Помнишь ли ты, как маленькая Кордула Гельвиг искала свою любимую белую курицу на чердаке? Там было темно, только через дощатую перегородку пробивался одинокий луч. Маленькая девочка заглянула в щель. Сосед Гиршпрунг только что убрал сжатый хлеб, и на желтых снопах сидел маленький Иосиф, смотря на слуховое окно. «Найди меня», — закричала я. Мальчик соскочил и оглянулся. «Найди меня», — прозвучало опять. Послышался треск — и доска, за которой спряталась маленькая Кордула, упала на чердак соседнего дома. Это был ты, Иосиф. И я знаю, в будущем ты так же переступил бы границы, установленные предрассудками...

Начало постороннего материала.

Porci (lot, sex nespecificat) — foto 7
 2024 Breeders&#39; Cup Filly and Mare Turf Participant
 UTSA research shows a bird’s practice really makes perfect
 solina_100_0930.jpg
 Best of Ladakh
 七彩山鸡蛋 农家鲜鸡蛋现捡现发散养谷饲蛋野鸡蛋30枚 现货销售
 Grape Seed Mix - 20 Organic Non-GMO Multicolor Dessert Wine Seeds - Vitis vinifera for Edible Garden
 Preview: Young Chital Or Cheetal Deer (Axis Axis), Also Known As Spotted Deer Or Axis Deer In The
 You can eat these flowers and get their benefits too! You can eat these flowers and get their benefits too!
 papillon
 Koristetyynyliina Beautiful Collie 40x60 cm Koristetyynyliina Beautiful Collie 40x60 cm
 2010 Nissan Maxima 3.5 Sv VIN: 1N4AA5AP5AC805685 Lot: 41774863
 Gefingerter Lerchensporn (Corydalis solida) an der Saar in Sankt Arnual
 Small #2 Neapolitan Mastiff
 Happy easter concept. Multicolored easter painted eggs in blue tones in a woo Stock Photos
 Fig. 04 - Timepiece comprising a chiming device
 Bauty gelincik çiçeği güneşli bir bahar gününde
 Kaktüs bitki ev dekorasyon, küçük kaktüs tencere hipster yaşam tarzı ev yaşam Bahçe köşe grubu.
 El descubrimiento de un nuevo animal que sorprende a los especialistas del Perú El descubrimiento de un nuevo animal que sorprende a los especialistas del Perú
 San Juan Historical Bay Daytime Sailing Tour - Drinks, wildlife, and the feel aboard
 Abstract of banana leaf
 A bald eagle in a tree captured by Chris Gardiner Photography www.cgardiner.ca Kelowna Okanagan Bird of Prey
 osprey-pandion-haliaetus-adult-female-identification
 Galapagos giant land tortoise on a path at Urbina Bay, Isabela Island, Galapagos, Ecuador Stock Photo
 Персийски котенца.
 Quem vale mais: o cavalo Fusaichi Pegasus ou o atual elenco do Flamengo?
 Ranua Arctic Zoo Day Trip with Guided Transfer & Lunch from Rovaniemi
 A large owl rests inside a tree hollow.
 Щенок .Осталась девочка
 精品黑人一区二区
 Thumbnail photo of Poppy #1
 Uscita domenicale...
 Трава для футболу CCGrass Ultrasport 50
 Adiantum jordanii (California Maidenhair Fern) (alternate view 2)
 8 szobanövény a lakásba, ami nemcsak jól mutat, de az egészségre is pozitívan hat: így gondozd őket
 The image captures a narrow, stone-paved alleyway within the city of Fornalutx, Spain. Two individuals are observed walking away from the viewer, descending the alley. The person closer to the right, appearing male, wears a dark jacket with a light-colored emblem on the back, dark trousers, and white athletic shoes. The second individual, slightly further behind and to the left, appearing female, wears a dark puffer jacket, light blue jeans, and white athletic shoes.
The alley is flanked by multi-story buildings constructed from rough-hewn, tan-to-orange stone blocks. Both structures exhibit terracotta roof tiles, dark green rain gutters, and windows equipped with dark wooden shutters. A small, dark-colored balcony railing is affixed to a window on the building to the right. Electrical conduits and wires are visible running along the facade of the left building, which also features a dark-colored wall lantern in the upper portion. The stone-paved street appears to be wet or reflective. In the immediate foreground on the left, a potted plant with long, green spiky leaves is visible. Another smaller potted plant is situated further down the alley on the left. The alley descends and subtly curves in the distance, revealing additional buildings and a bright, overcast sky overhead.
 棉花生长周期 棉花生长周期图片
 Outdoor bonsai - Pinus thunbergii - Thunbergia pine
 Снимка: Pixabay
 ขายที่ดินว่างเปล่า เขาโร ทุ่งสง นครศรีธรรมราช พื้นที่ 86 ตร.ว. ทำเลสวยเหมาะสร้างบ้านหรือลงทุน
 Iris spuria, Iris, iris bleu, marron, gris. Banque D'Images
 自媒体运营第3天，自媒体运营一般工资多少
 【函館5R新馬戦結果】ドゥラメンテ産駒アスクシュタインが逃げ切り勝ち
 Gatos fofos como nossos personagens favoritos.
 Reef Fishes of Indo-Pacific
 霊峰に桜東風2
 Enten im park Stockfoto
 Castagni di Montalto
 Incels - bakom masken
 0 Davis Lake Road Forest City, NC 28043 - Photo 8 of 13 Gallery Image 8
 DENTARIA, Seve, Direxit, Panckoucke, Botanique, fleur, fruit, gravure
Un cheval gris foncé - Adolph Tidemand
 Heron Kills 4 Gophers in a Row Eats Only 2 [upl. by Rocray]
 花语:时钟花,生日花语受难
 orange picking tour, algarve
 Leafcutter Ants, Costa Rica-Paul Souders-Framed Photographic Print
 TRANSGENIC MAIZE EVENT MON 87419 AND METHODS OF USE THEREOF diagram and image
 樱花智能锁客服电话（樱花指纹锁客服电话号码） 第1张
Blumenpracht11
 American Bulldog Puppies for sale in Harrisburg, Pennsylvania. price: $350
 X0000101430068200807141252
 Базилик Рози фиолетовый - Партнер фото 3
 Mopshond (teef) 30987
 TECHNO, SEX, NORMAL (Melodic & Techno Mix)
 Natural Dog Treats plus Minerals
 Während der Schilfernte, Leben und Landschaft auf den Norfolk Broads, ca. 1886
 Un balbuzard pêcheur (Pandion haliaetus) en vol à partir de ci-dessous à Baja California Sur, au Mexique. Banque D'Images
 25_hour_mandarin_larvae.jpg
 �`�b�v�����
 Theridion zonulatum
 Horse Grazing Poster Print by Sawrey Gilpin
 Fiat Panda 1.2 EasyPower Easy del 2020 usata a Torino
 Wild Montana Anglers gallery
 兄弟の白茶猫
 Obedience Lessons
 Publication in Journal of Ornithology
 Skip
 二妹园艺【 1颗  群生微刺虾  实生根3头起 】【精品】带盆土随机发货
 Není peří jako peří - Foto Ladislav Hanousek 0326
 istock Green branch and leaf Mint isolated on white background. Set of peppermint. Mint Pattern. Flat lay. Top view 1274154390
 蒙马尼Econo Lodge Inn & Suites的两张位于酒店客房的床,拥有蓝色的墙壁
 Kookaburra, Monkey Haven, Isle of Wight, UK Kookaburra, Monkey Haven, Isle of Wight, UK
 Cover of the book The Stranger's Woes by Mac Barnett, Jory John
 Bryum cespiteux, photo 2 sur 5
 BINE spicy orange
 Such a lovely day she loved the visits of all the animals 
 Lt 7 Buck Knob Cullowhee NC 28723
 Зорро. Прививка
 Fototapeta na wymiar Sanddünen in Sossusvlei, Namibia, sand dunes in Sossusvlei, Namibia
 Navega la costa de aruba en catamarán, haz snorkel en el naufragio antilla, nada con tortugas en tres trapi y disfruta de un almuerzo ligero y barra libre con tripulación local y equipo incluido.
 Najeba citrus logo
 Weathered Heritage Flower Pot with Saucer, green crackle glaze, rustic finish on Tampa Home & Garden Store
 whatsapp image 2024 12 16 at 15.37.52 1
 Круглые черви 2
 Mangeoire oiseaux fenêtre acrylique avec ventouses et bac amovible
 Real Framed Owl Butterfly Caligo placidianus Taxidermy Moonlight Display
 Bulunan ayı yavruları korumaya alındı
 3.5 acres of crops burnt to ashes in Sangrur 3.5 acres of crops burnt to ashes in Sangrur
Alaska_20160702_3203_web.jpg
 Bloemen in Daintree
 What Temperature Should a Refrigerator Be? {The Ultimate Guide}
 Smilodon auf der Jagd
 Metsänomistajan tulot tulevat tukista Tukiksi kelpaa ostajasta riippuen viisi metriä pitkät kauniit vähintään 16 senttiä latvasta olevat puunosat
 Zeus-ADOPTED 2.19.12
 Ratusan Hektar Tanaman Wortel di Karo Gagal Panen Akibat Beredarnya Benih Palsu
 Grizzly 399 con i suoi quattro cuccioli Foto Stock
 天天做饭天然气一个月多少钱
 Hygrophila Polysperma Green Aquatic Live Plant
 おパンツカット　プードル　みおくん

Я горько заплакала от испуга, а ты вдруг повел меня вниз в закопченную комнату сапожника... С тех пор я ежедневно посещала тебя... Какие это были прекрасные зимние вечера! На дворе бушевала метель, а в громадной кафельной печке пылал яркий огонь. Твоя мать сидела за прялкой, а отец, примостившись на скамеечке, стучал молотком, зарабатывая насущный хлеб.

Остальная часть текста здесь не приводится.